Roncero House by ALT arquitectura:
“Built into a slope, the project is a two-story house with distinct entrances on each floor. The property is developed as a narrow longitudinal scheme to make the most of the garden plot. The volume arises from the main street of the merger of the two branches of access and it develops as a concrete materialization in the first floor, which rises to close the volume weightless cantilever.
This house is perhaps the most expressive done by ALT arquitectura. They designed the house with huge concrete surfaces flying over the ground, without giving too many clues of structural performance. We were looking for a non-logical structure to provide spaces with something magical.
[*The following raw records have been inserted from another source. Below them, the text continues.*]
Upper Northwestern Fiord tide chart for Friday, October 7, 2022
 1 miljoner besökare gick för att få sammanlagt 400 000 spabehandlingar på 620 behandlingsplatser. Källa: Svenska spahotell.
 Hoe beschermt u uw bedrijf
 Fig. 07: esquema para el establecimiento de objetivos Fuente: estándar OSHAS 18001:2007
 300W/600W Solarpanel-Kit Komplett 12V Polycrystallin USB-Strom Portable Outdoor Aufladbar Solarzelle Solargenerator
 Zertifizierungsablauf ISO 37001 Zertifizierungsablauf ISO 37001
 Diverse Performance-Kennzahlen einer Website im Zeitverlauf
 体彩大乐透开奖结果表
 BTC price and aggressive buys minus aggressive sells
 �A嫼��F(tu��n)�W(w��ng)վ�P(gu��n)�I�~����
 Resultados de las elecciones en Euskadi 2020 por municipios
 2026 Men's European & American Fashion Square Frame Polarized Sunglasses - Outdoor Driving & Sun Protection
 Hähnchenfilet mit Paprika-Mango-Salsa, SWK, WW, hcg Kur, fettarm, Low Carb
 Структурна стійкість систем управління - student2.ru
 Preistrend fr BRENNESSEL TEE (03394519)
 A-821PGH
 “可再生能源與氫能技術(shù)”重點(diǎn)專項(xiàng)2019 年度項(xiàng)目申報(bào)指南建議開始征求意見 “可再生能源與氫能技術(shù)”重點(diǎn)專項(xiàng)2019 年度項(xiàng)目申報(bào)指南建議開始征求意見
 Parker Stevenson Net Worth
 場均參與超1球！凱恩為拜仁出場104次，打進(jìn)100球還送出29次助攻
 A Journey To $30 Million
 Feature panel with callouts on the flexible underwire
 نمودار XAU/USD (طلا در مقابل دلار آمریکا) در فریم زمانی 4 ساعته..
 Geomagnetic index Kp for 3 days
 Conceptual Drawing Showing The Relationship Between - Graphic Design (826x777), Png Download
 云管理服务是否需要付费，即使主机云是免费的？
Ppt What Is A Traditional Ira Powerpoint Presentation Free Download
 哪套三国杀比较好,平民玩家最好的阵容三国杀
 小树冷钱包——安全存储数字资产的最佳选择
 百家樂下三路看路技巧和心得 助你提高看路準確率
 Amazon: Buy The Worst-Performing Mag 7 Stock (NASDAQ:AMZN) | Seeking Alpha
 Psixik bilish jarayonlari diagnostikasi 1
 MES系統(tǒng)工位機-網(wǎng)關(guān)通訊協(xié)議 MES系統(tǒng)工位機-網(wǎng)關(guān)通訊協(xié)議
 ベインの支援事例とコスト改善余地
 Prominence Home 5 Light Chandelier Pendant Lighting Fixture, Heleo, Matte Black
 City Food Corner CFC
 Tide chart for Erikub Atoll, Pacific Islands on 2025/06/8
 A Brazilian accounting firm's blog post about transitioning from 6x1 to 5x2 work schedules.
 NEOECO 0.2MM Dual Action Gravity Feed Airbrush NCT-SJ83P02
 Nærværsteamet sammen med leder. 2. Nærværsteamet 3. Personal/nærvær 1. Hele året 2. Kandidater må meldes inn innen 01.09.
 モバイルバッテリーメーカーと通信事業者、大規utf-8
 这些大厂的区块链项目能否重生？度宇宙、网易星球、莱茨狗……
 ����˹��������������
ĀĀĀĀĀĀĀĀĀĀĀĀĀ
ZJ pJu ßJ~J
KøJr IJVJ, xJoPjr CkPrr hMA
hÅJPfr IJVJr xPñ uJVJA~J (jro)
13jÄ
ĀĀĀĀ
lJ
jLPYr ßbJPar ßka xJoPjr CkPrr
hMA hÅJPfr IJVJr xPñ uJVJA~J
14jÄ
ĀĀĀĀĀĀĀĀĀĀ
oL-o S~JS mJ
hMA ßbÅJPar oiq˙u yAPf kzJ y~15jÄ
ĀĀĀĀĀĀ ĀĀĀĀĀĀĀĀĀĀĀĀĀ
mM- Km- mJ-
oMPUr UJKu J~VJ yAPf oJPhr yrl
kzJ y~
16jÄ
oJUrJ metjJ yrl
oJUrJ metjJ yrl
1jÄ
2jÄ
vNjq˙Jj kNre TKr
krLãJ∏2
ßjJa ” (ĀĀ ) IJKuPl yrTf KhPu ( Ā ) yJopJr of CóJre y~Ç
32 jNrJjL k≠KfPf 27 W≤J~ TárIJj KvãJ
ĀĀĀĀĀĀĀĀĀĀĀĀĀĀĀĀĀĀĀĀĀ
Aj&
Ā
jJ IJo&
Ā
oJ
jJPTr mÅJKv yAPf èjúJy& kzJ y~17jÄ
The volume setting has been designed to deceive the intuitive structural sense that tells us why things do not fall. Contemplating large and heavy volumes of concrete without knowing where they hold creates an odd and pleasant sensation. The heavy becomes light. The large glass skylight manages to create the feeling of being outside, and increase the lightness of the staircase. They used calibrated round20mm, and end result has a surprising rigidity. IPE200 beams that support the treads hanging were bolted to the concrete by a plate dimension of the head of the beam.
The space changes with movement and with the variable interaction of sunlight. The house is composed of overlapping spatial concepts. Some are more three-dimensional, others are more bi-dimensional, and everything is woven by one-dimensional vertical rods of the ladder.
The material that creates the main enclosure is concrete. What is not concrete, or fluted metal is polished stainless steel. The windows are aluminum finished steel. They selected a special profile of straight angles. The architects intention is that nature is reflected in the skin of the building, accentuating the flight of the large volume of concrete.”